=== To do ===
The lines below, from the one containing "So for example, if" through the one containing "Choose if you", should be set down exactly, with no pictures and nothing else.

=== Listed entries ===
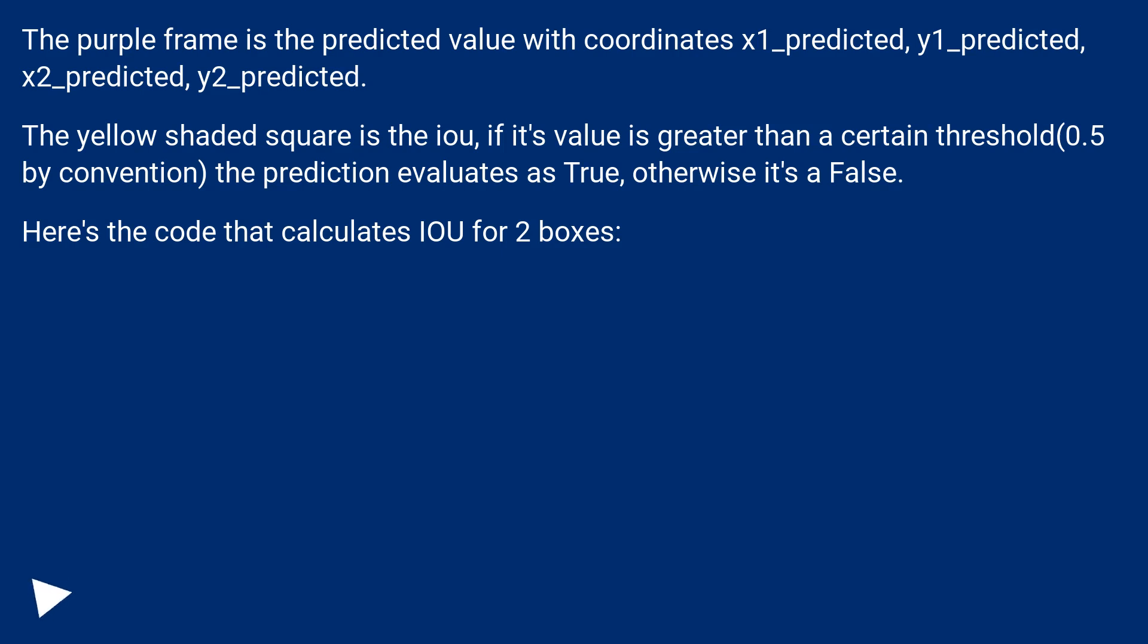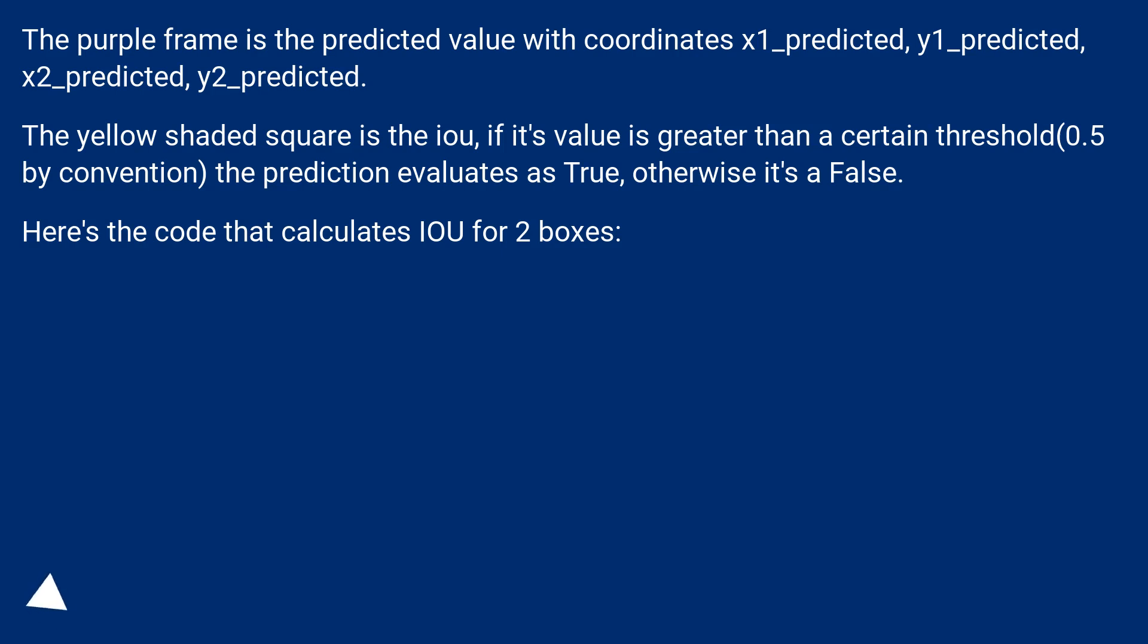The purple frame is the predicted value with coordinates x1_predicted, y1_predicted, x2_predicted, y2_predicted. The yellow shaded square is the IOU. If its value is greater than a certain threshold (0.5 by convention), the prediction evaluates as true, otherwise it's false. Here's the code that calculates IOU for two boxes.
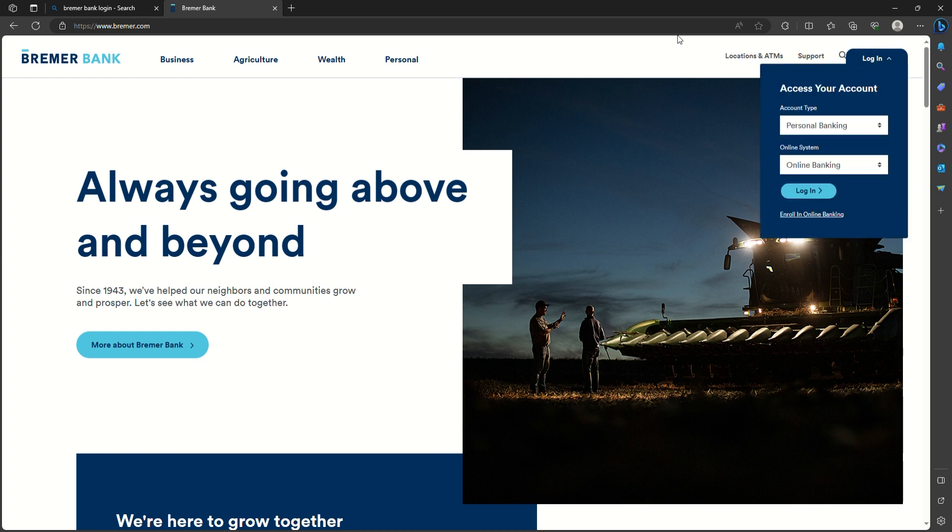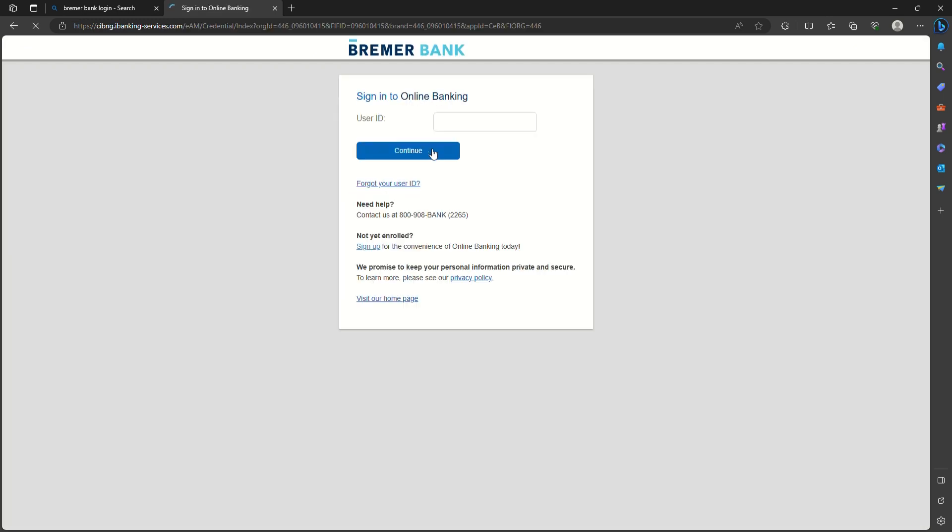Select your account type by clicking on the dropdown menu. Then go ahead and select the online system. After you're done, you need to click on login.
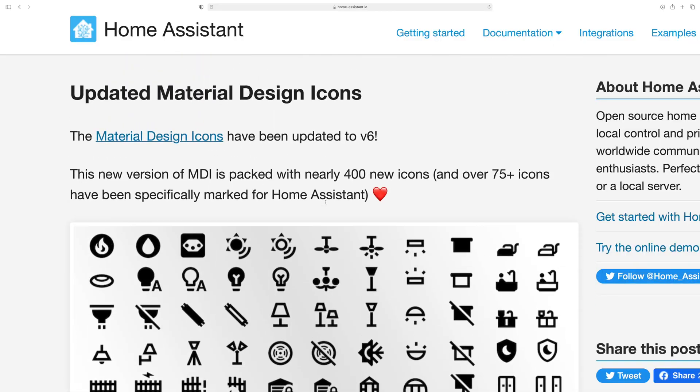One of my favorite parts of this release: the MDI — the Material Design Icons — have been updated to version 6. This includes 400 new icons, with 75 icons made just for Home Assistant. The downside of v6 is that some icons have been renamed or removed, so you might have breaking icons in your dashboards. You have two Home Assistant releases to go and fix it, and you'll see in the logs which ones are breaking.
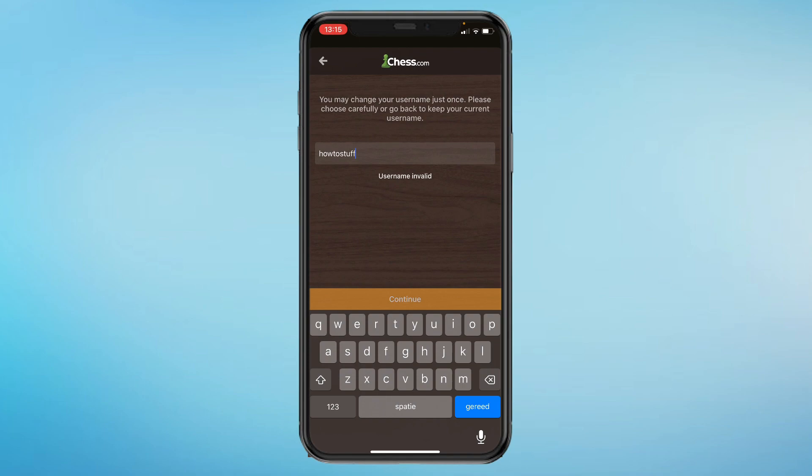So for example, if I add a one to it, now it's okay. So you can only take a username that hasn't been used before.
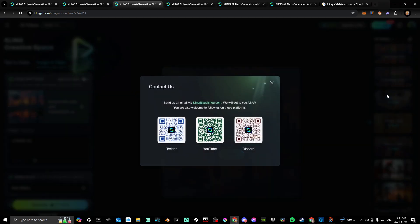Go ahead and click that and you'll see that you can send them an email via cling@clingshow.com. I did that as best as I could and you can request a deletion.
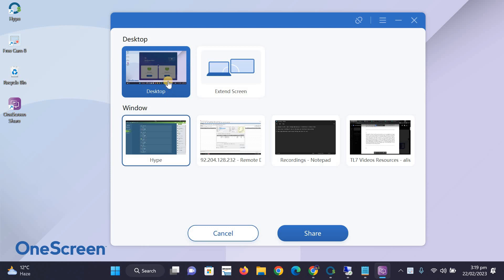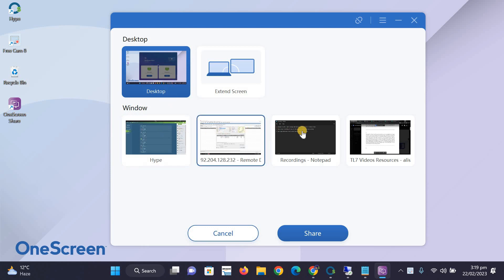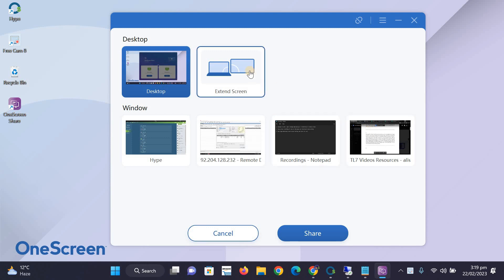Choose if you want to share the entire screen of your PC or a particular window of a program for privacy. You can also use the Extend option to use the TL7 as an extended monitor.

---

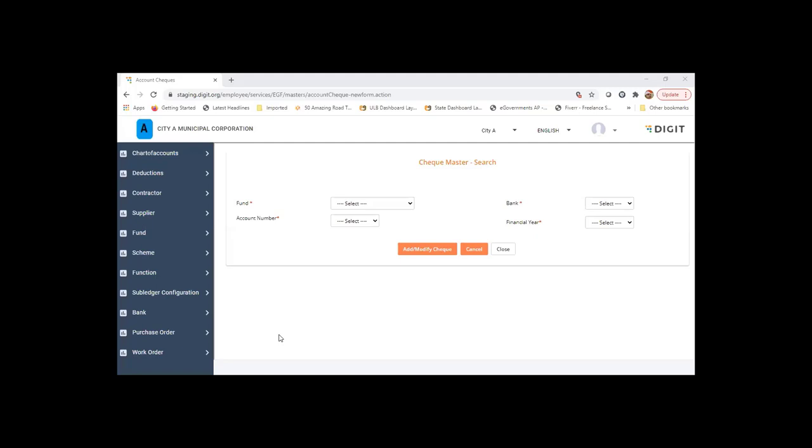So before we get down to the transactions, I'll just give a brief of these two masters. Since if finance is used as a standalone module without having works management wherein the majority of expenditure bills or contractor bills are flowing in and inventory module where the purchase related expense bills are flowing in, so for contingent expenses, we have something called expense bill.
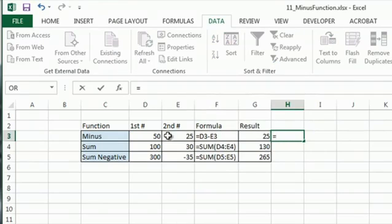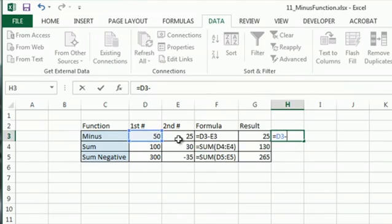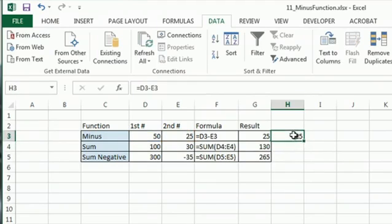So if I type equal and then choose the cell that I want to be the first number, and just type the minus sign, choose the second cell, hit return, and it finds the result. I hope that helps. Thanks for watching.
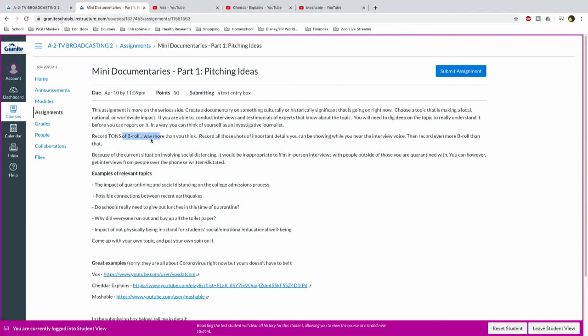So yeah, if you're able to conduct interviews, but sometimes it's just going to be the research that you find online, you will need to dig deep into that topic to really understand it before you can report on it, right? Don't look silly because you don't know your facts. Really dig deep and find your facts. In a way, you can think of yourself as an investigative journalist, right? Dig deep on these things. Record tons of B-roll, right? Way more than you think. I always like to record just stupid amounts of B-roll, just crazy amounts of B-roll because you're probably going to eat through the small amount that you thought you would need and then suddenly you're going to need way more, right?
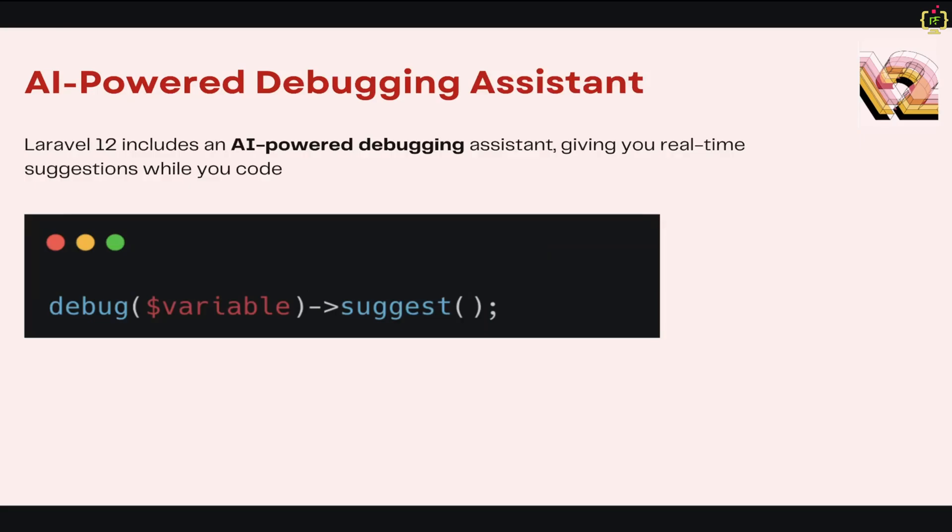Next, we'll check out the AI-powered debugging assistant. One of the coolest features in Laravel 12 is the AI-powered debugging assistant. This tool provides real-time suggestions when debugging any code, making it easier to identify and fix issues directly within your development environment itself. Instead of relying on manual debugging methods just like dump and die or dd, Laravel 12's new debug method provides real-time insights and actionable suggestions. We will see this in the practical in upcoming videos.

=== Exercise output ===
So for example, if I add a one to it, now it's okay. So you can only take a username that hasn't been used before.
Go ahead and click that and you'll see that you can send them an email via cling@clingshow.com. I did that as best as I could and you can request a deletion.
Choose if you want to share the entire screen of your PC or a particular window of a program for privacy. You can also use the Extend option to use the TL7 as an extended monitor.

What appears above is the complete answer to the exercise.